小学中学高校と何となしに親しくなった友達はいた。けれどももう今ではその誰とも何の繋がりもない。余計に二台持っている携帯電話には誰からも連絡が来ないから、携帯はただの月額使用料 2000 円 * 2 の目覚まし時計になっている。
そもそも友人として繋がりを保ち続けるのは、意図的にこちらから定期的に連絡しないといけないのか、あるいは本当に繋がる意味のある関係においてのみ繋がりは自然と保たれ続けるのか、一体どういうものなのかがまず理解できていない。これは理解しなければいけない種類のものなのか、対人関係を続ける上で自然と身に付くものなのかも分からない。もしかするとこれは生まれ付き持っているはずの能力だったものが、僕は欠落して生まれてきてしまったのではないかとも思ってしまう。

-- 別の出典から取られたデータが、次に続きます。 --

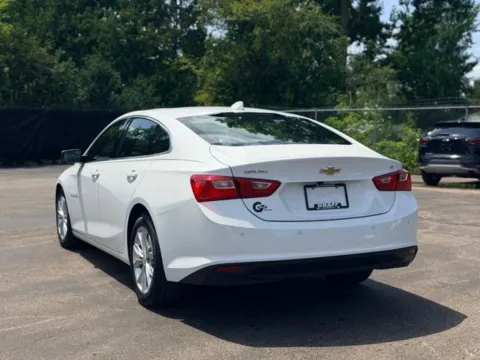 More photos of 2024 Chevrolet Malibu LT at Hank Graff Chevrolet Davison, MI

確かにこちらからは全く連絡は取らない。これは間違いなくいけないのだろう。それは今後において改善の余地があるからまだいい。けれども困るのは、過ごしている上で自然に身に付くはずの対人関係維持構築能力が欠落している場合だ。これは社会的な活動を全くしていない今の僕にとっては今さらどうしようもない。
もしかすると、相手にとって僕と関係を保ち続けるという利点が僕には感じられないのではないか? 端的に言えば、僕に何らかの性格的な問題があるから相手が自然と離れていく。思わず溜息が出る。
そうして僕は一人になってしまった。休みにどこかへ行こうと誘ってくれる友人もいなければ、誘える友人ももういない。普通の人には友達は百人いるのだから、僕が一人きりなのは間違いなく僕の問題でそうなってしまっているのだ。
そう思うと何だかやるせない気持ちが身体中に染み渡っていって、焦りにも似た大きな寂しさを感じる。今の状態がそうだ。普段の何も考えていない時は全く平気だった。けれども一旦考え始めると、もうどうにもならない。
実際に、大学に入り始めて寂しさを憶えた時、突然の思い付きで高校の時の友達に電話を掛けたことがあった。あれはたぶん、相手にしてみれば宗教かマルチ商法の勧誘の前触れか何かだとでも思われたんだろう。
そして今も、さきほど例の留学生の友人にメールを送った。インスタントメッセンジャで、昔の同い年の同僚の使用しているアカウントに登録申請をしたりもした。
こうして寂しさ極限。外で鳴いている虫さん、独りで寂しいから鳴いているのなら、僕がここにいる。